Des milliers de personnes sont menacées de famine au Yémen où sévit la pire crise humanitaire du monde. (Photo : AFP)
La trêve signée cette semaine entre les camps rivaux au Yémen à propos de la ville de Hodeida alimente l’espoir d’un retour à la paix dans ce pays, ravagé par la guerre. Depuis juin, les forces progouvernementales yéménites, soutenues par une coalition militaire sous commandement saoudien, sont engagées dans une offensive contre les rebelles houthis à Hodeida, port stratégique de l’ouest du Yémen, devenu principal front du conflit. Se plaignant de marginalisation, les Houthis se sont emparés fin 2014 de vastes territoires du Yémen, dont Hodeida et la capitale Sanaa.

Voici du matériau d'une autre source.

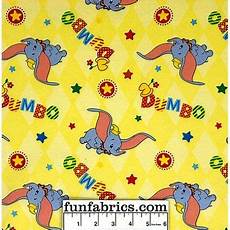 Dumbo Flannel Fabric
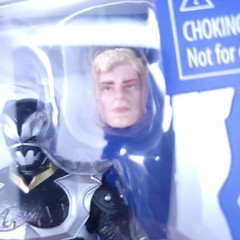 Power Rangers In Space Blue Ranger & Psycho Silver 2 Pack Action Figures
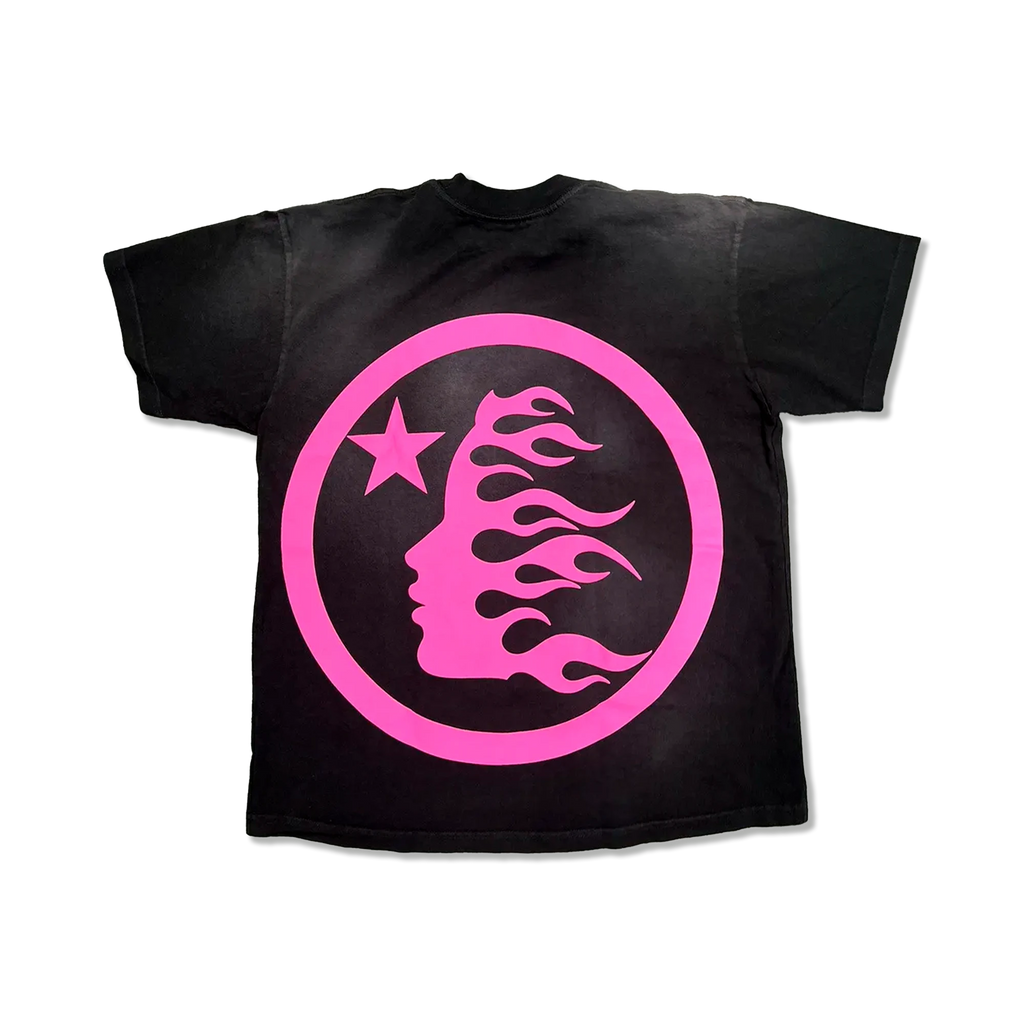 Classic Rhinestone Logo "Pink"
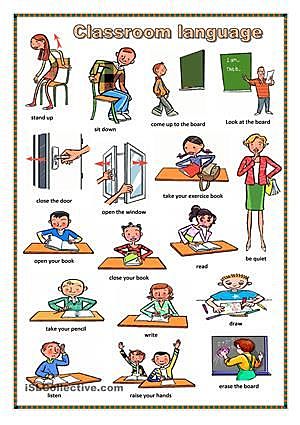 Classroom Language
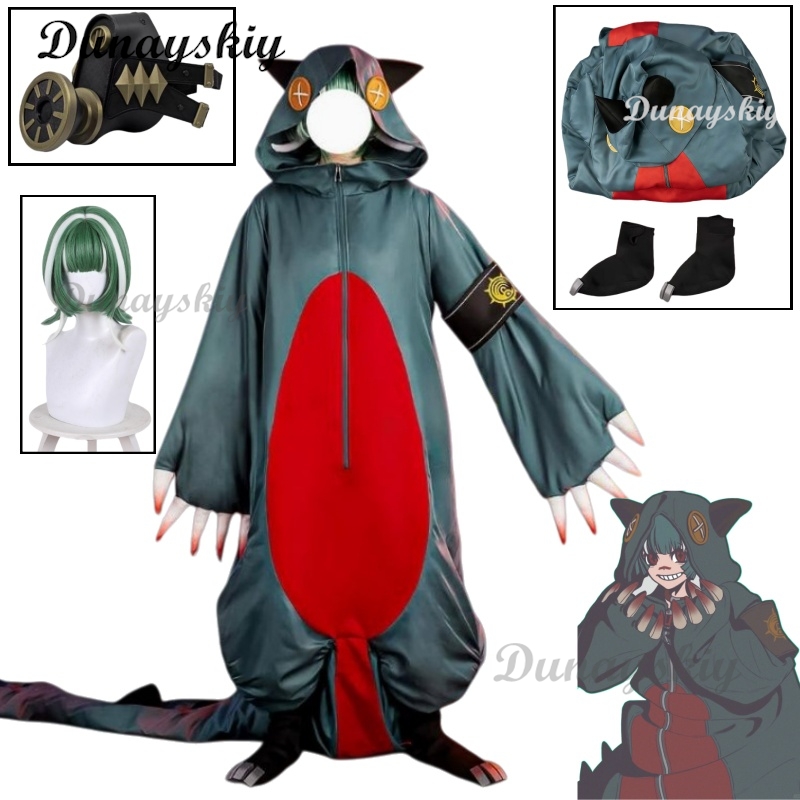 Guita Gachiakuta Cosplay Outfi - Embroidery Outfit recension och pris
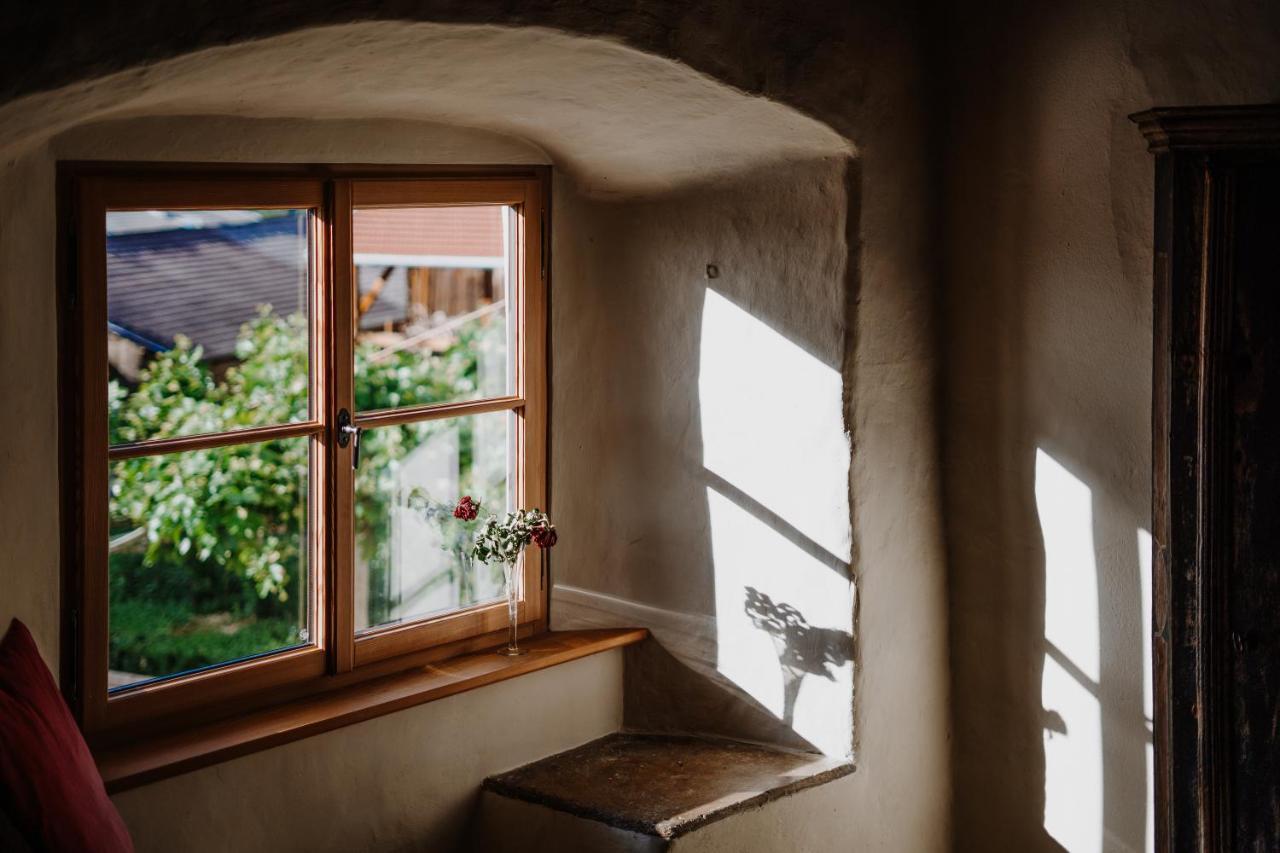 Zum Riesen Historic Refugium Hotell Laces Eksteriør bilde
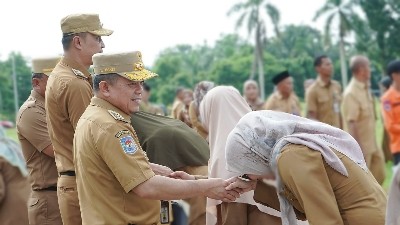 Pimpin Apel ASN Muaro Jambi, Al Haris Singgung Kedisiplinan dan Gaya Hidup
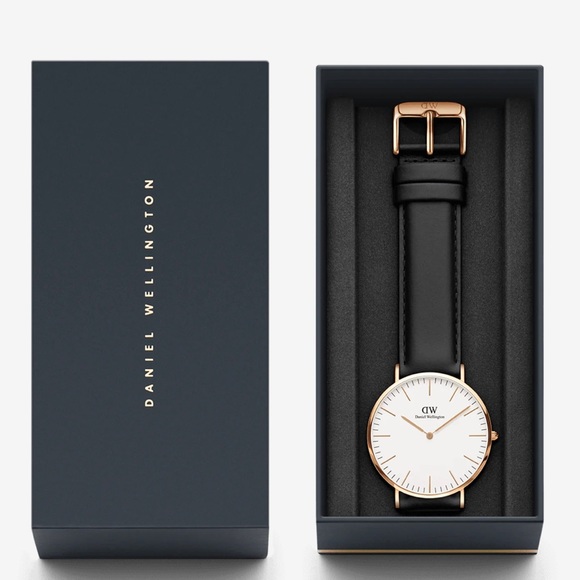 NW Daniel Wellington Classic Sheffield Rose Gold watch (unisex) - Picture 1 of 9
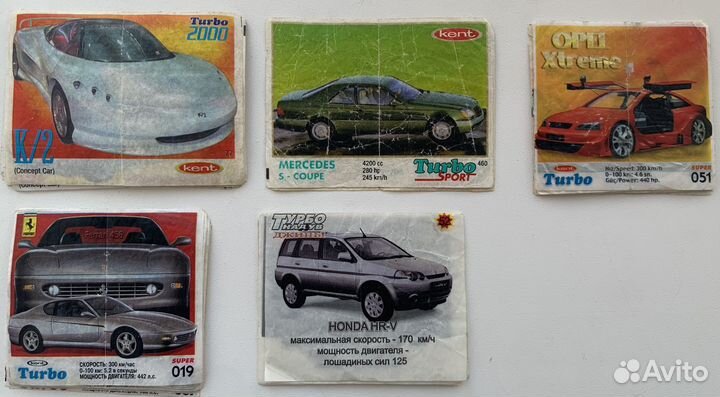 Вкладыши Turbo 2003, 2000, мята (sport 401-470)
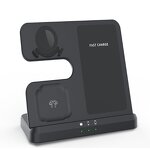 Wireless Charger Stand Factory - 15W Fast Charging 3 in 1 Dock Station for Samsung S23 S22 S21 Note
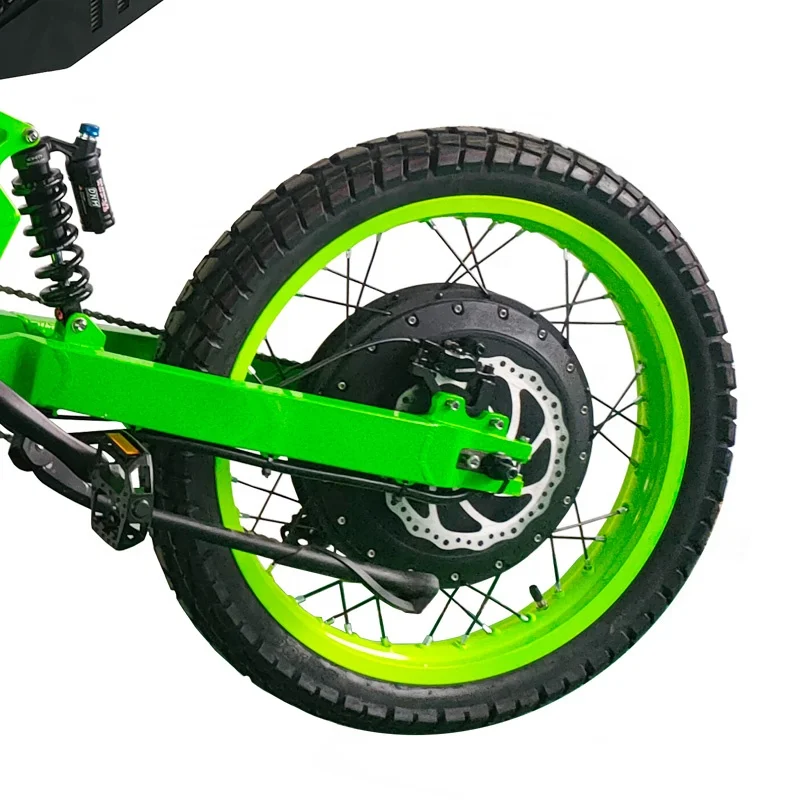 QS273 Electric Motorcycle/Bicy - đánh giá và giá 12000W Electric Motorcycle Hub Motor
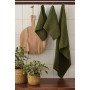 Полотенце Mynte olive knitted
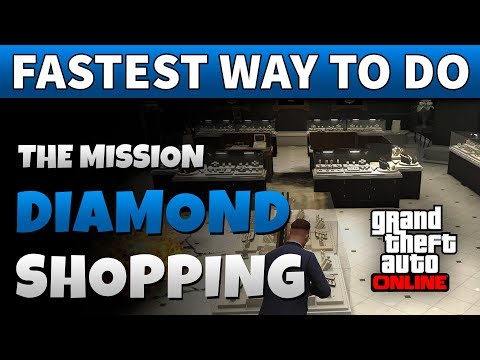 gta online diamond shopping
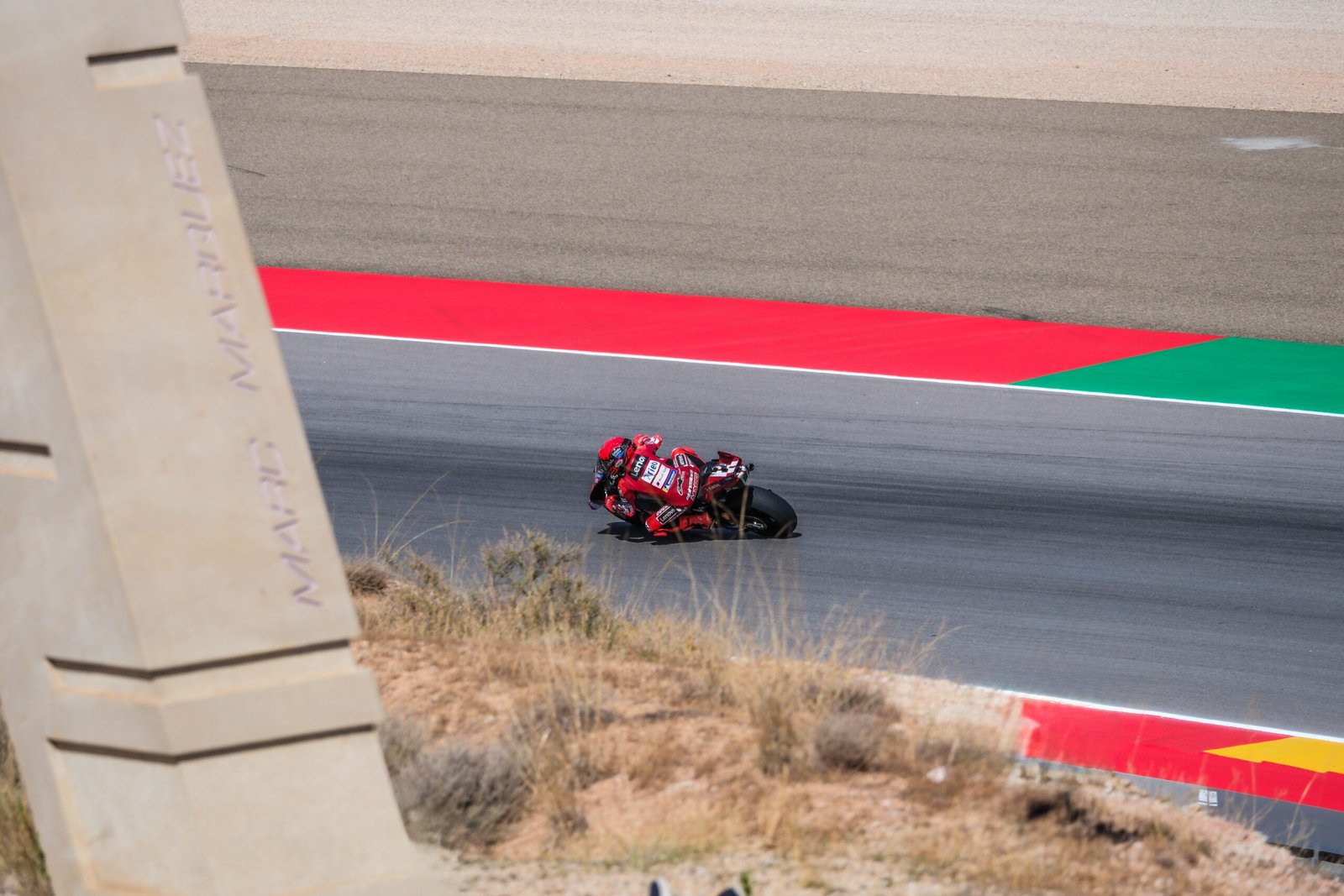 Marc Márquez tira de estrategia para reducir daños: “Si el primer time attack salía bien, luego toca minimizar cosas”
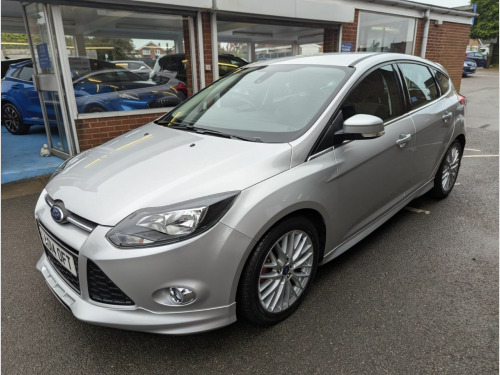 Ford Focus  1.6 TDCi 115 Zetec S 5dr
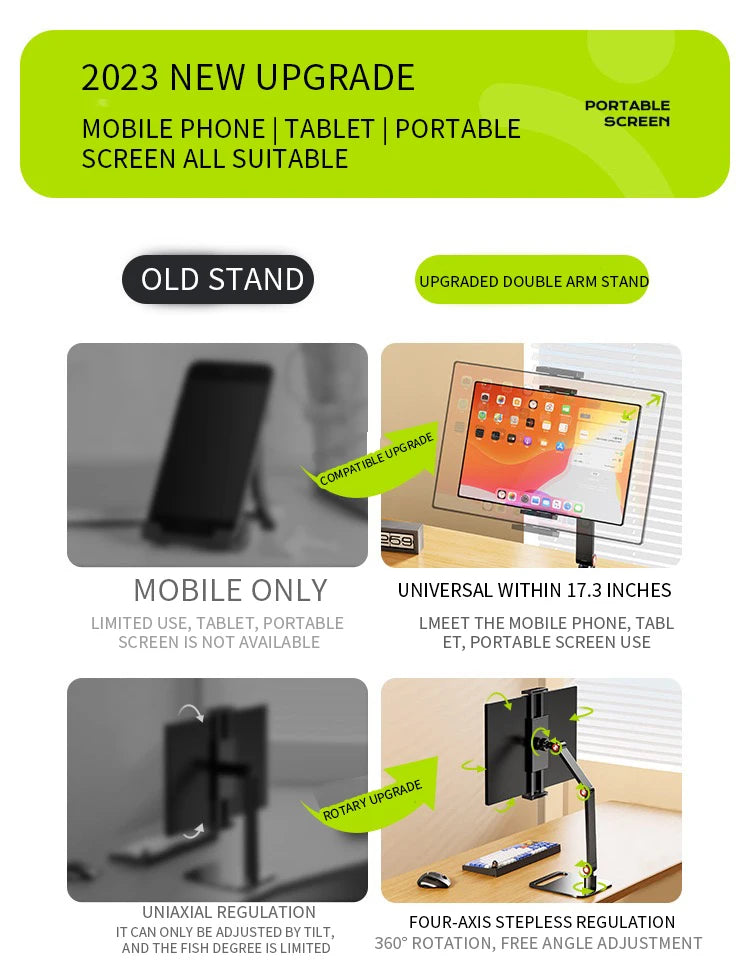 VESA Portable Monitor Stand 17"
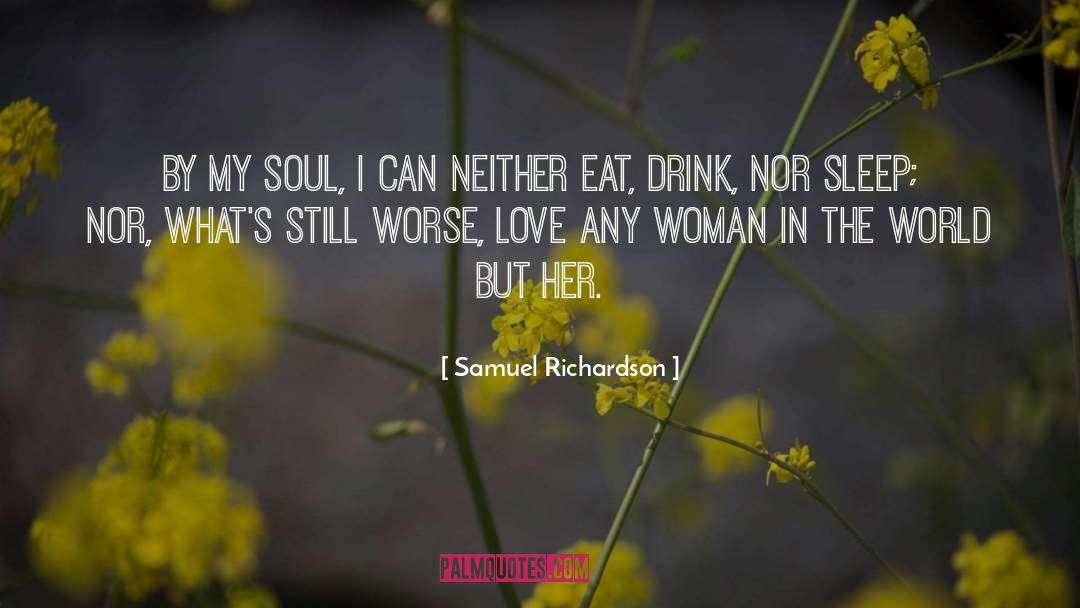 Love Sleep quotes by Samuel Richardson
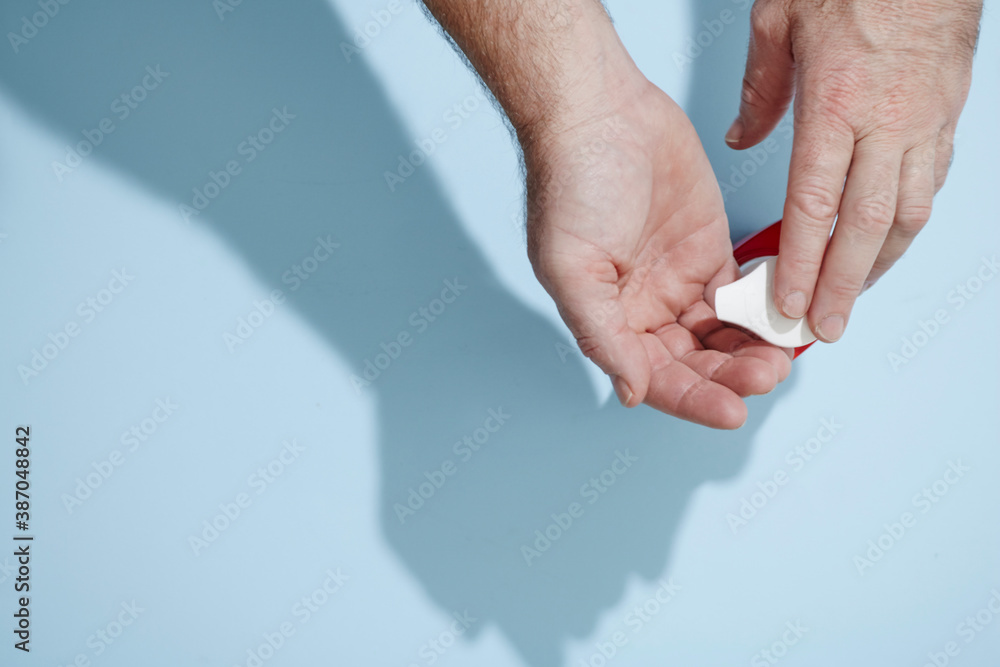 Fototapeta premium Hand Sanitiser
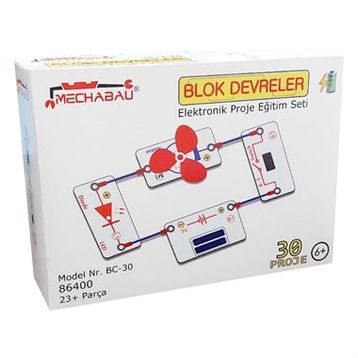 Mechabau 30 Proje Blok Devreler Elektronik Devre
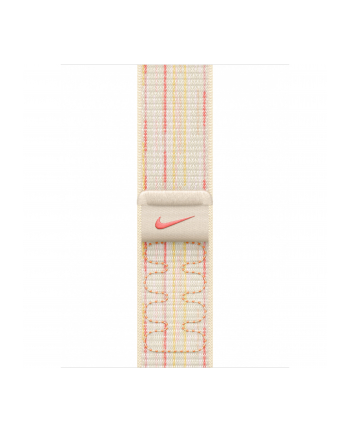 apple Opaska sportowa Nike w kolorze księżycowej poświaty/różowym do koperty 40 mm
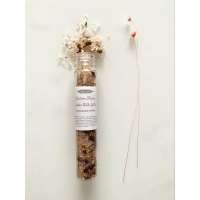 Heirloom Flower Garden Bath Salt Vial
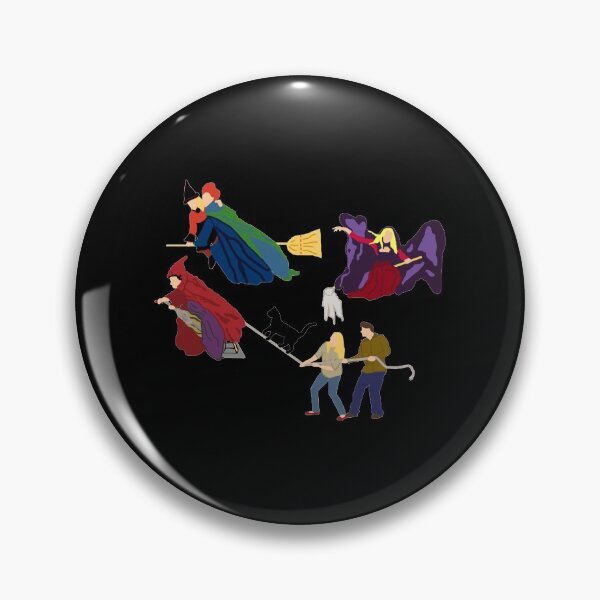 Item preview, Hocus Pocus Sticker designed and sold by chisonba.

Face à cette situation critique, l’émissaire de l’Onu a poussé les deux camps à s’asseoir à la table des négociations et leur a arraché un accord de cessez-le-feu. Selon les termes de cet accord, le cessez-le-feu doit entrer immédiatement en vigueur à Hodeida. Le retrait des combattants est, lui, prévu dans les prochains jours. Outre la trêve à Hodeida, cet accord prévoit un échange de quelque 15 000 combattants faits prisonniers ainsi que des mesures pour faciliter l’acheminement de l’aide humanitaire à Taëz (sud-ouest), ville aux mains des loyalistes et assiégée par la rébellion. Par ailleurs, les pourparlers inter-yéménites doivent reprendre fin janvier pour tenter de définir un cadre de négociation en vue d’un règlement global. Une entente importante tant attendue non seulement par les Yéménites, mais aussi par la communauté internationale.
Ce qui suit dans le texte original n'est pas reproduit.